An open floor plan is also commonly known as an open concept design or an open layout. This style of residence is currently extremely popular and seems to be the trend for virtually all future construction. Open concept homes are a major consideration on the wish-lists of the overwhelming majority of real estate buyers. If you are lucky enough to own an open layout house or apartment, be sure to use home staging techniques to make it truly appeal to every prospective buyer who walks through the door.
This dissertation examines open layout design and how it poses both advantages and limitations when used by home stagers.
Open Floor Plan Explanation
Open concept is defined as a residence without many interior walls. Typically the living room, dining room and kitchen will be all contained in one spacious area called a great room. Other styles of open layout might feature columns in between rooms or even low half-walls, to create the illusion of a seamless space in the home.
New construction is famous for incorporating great rooms featuring the open concept design, often with striking results. However, older homes are highly unlikely to offer open concept, unless the interior of the house has been gutted and renovated, in which case you truly can have the best of both worlds: old and new together.
Open Concept Advantages
The main reason why people love the open layout design is that is really makes the entire living space appear much larger and more airy. Larger rooms and higher ceilings create a sense of grand proportion in the interior of a home.
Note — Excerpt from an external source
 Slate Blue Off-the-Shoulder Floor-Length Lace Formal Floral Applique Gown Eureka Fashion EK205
This really sets the sky as the limit when implementing decorating ideas and personal style.
Additionally, families love the way all the common areas of the home blend into one unique space, offering time for bonding and shared company for each member of the household, regardless of what activity they are performing.
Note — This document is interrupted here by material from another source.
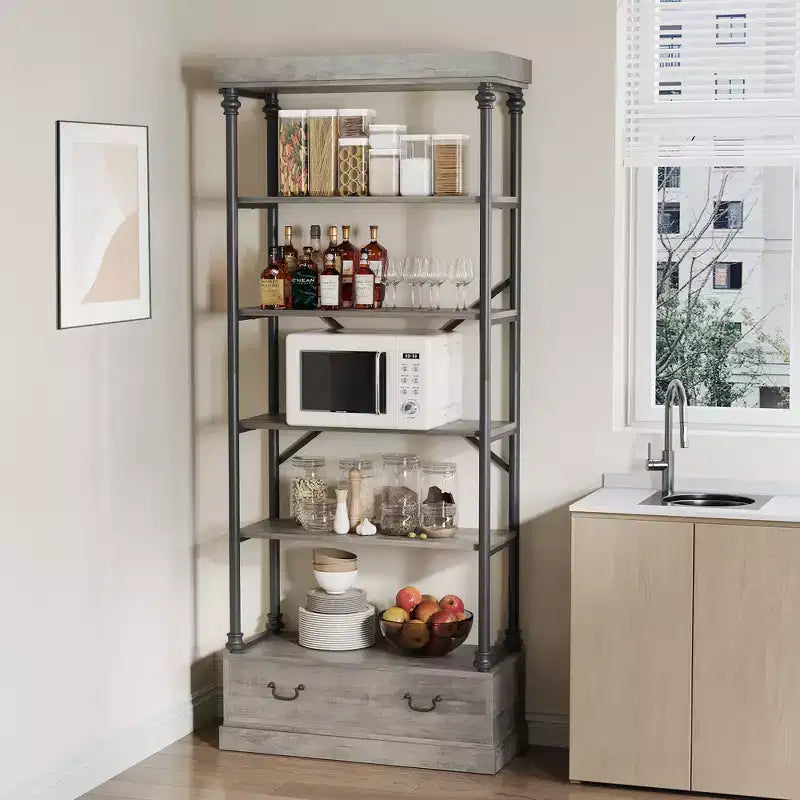 6 Tier Bookshelf with Storage Drawer, 81 Tall Metal Frame Book Shelf, Open Storage Bookshelf for Living Room Office Bedroom Home Library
The open concept is always a big hit with the chef in every home, since they are no longer relegated to a lonely existence in the kitchen, without some moral support and social interaction.
Downside of an Open Floor Plan
The downside of an open layout may include any of the following factors:
Many families pay increased utility bills for heating and cooling a larger and higher space, as opposed to smaller compartmentalized rooms which can be temperature controlled, as needed.
Open concept often suffers from fewer options for running wiring and changing infrastructure features, such as plumbing or duct work.
Great rooms can suffer from possible noise concerns for large families that are trying to work at different tasks within the same space.
It can be challenging to stage an open concept design, since each region of the great room should be well defined and easily recognizable, yet part of a cohesive overall style.
Older homes may be very expensive to convert to an open concept look and feel.
Staging an Open Concept Interior Design
My current home is a 1930s English Tudor which was partially converted into a modified open concept style by a previous owner. While the rooms are not huge, combining the large living room with the rather small dining area and kitchen provides a sizeable space, especially for an older house.
The rooms are not joined in an actual open concept style, since the construction of the house prohibited that. However, there are only a few columns and half walls in the space, making it feel nice and large compared to a compartmentalized house with the original floorplan intact.